Asbestos Exposure at East Ohio Regional Hospital — Martins Ferry, Ohio: What Workers and Tradesmen Need to Know


⚠️ CRITICAL OHIO FILING DEADLINE WARNING

Under Ohio Rev. Code § 2305.10, Ohio imposes a strict two-year statute of limitations on asbestos disease claims. That two-year clock starts running from the date of your diagnosis — not from the date of your last exposure, and not from the date you first suspected a problem. Once that deadline passes, your right to compensation is permanently extinguished, regardless of the strength of your claim.

If you have been diagnosed with mesothelioma, asbestosis, or lung cancer and you worked at East Ohio Regional Hospital — or at any Ohio industrial or institutional site — you cannot afford to wait. Every day of delay is a day closer to losing your legal right to recover compensation for your medical bills, lost wages, and suffering.

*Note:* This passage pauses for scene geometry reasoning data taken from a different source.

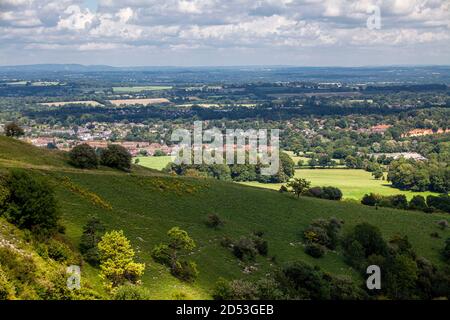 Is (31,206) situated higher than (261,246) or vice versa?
(31,206)

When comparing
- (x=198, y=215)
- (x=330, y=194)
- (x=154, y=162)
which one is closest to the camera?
(x=198, y=215)

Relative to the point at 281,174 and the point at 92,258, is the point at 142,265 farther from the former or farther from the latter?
the point at 281,174

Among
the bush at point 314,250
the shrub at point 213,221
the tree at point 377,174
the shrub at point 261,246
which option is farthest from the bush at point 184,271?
the tree at point 377,174

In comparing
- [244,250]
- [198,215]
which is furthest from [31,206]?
[198,215]

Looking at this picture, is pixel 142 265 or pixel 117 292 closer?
pixel 117 292

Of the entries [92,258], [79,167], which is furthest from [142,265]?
[79,167]

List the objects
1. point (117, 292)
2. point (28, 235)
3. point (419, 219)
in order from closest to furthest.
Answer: point (117, 292) → point (28, 235) → point (419, 219)

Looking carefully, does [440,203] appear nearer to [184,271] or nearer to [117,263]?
[184,271]

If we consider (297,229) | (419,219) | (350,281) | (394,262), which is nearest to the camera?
(350,281) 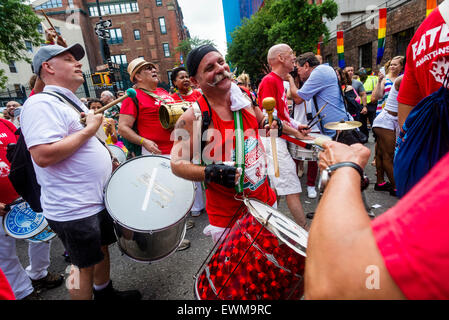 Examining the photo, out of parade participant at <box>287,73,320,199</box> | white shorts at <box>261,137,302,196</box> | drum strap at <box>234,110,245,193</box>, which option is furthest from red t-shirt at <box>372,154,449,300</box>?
parade participant at <box>287,73,320,199</box>

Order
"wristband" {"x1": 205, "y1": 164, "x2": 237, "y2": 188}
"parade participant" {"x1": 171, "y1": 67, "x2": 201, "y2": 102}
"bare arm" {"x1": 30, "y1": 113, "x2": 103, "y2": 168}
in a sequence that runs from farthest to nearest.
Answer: "parade participant" {"x1": 171, "y1": 67, "x2": 201, "y2": 102} → "bare arm" {"x1": 30, "y1": 113, "x2": 103, "y2": 168} → "wristband" {"x1": 205, "y1": 164, "x2": 237, "y2": 188}

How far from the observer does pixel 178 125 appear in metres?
1.74

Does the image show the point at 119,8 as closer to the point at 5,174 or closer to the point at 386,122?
the point at 5,174

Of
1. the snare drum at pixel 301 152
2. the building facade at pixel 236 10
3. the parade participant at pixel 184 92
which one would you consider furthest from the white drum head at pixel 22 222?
the building facade at pixel 236 10

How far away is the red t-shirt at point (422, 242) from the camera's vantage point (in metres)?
0.43

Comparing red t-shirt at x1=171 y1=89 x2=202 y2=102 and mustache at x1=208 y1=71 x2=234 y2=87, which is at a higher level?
mustache at x1=208 y1=71 x2=234 y2=87

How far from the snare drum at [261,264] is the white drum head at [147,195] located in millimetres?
606

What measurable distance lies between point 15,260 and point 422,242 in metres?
3.24

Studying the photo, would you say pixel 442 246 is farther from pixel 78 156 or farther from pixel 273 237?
pixel 78 156

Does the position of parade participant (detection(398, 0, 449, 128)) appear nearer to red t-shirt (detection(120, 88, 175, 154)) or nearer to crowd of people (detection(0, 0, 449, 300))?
crowd of people (detection(0, 0, 449, 300))

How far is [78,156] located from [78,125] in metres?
0.25

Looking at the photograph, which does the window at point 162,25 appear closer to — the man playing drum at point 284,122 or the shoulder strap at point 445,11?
the man playing drum at point 284,122

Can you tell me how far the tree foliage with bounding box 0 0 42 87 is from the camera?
11.9 meters

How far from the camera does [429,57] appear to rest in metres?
1.20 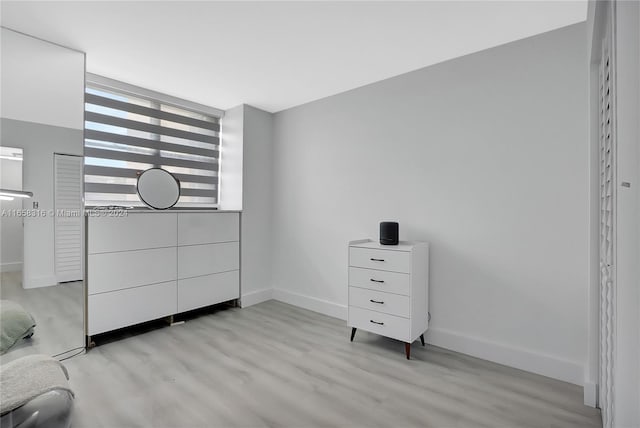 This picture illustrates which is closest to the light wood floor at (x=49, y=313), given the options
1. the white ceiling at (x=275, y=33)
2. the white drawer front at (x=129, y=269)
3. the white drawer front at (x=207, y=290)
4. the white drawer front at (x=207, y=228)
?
the white drawer front at (x=129, y=269)

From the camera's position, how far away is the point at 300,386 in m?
1.96

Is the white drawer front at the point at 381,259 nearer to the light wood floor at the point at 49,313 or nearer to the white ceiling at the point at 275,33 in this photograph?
the white ceiling at the point at 275,33

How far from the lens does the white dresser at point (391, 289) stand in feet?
7.57

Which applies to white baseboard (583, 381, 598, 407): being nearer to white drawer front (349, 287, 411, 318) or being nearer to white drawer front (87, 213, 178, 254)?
white drawer front (349, 287, 411, 318)

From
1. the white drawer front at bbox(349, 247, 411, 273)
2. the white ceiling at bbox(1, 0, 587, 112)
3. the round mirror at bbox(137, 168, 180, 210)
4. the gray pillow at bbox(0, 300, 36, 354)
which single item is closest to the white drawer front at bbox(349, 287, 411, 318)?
the white drawer front at bbox(349, 247, 411, 273)

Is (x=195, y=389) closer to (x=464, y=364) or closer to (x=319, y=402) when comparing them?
(x=319, y=402)

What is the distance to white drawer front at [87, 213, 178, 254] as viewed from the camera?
2.50 meters

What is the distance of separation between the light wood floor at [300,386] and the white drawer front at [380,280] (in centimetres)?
52

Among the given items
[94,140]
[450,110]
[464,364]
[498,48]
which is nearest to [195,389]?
[464,364]

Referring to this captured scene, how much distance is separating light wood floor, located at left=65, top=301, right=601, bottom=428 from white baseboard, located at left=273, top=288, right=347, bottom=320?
448 millimetres

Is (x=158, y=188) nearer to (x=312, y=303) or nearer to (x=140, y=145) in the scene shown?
(x=140, y=145)

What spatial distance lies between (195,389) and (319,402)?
2.59 feet

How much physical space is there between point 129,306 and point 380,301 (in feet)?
7.11

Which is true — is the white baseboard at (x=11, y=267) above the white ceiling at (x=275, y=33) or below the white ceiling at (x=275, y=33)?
below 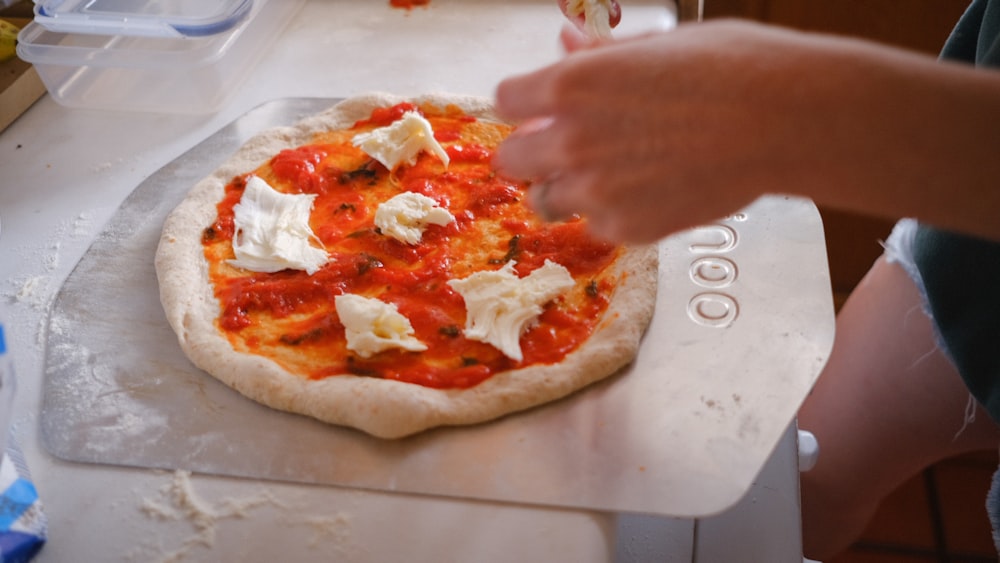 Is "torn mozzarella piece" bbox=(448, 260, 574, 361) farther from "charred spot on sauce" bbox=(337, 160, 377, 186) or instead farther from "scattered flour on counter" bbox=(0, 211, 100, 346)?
"scattered flour on counter" bbox=(0, 211, 100, 346)

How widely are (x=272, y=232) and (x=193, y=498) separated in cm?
71

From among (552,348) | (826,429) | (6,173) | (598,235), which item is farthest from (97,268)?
(826,429)

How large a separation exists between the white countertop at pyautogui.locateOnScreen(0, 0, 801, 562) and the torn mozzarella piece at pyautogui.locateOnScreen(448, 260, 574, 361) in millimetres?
372

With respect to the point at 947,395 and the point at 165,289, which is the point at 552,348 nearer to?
the point at 165,289

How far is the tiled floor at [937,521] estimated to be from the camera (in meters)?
2.83

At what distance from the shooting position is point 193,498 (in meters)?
1.42

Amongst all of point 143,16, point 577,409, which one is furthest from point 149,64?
point 577,409

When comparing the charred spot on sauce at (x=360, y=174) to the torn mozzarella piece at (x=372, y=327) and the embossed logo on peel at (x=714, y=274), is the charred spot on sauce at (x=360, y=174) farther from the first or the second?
the embossed logo on peel at (x=714, y=274)

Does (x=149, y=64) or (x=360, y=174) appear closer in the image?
(x=360, y=174)

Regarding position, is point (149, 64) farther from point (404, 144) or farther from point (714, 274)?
point (714, 274)

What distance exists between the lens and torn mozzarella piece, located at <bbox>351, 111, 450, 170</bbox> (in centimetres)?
211

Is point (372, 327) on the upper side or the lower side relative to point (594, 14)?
lower

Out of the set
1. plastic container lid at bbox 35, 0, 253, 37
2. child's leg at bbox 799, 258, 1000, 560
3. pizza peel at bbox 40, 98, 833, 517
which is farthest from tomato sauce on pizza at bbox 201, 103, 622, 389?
child's leg at bbox 799, 258, 1000, 560

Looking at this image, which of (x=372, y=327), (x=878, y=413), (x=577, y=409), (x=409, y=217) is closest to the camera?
(x=577, y=409) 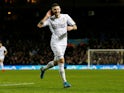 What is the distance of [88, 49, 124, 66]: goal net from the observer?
3588 centimetres

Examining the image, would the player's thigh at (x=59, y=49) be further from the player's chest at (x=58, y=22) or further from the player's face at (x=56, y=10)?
the player's face at (x=56, y=10)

Ohio asbestos trust fund claims can be filed simultaneously with your civil lawsuit, and most trusts do not impose strict filing deadlines — but trust fund assets are finite and depleting. Workers who delay filing trust claims risk reduced recovery as assets are exhausted.

Call a mesothelioma lawyer Ohio today. Not next week. Today.


Your Hospital Career May Have Exposed You to Asbestos

If you worked as a boilermaker, pipefitter, insulator, electrician, or maintenance worker at East Ohio Regional Hospital in Martins Ferry, Belmont County, you may have been exposed to asbestos fibers now causing mesothelioma, asbestosis, or lung cancer. East Ohio Regional reportedly relied heavily on asbestos-containing materials throughout its mechanical infrastructure — materials that workers handled, cut, removed, and repaired without adequate protection or warning.

Asbestos disease takes 20 to 50 years to appear. A diagnosis today may trace directly to work you performed in the 1960s, 1970s, or 1980s. Under Ohio Rev. Code § 2305.10, you have two years from the date of diagnosis to file a claim — and that deadline begins the moment your diagnosis is confirmed, whether or not you have retained an asbestos attorney, whether or not you have identified every responsible party, and whether or not you fully understand the source of your exposure. That deadline does not move, does not pause, and does not make exceptions. If you received a recent diagnosis and worked at this facility — or at any Ohio industrial or institutional site — contact an Ohio asbestos attorney now, before another day passes.

East Ohio Regional Hospital workers were not unique in their exposure. Across Ohio, tradesmen who built and maintained hospitals, steel mills, rubber plants, and automotive assembly facilities may have been exposed to the same asbestos-containing products — often from the same manufacturers, through the same union halls. Boilermakers who came up through Boilermakers Local 900, insulators organized through Asbestos Workers Local 3 (Cleveland), and pipefitters dispatched to hospital mechanical rooms across eastern Ohio were all working with these materials without adequate warning of the risks.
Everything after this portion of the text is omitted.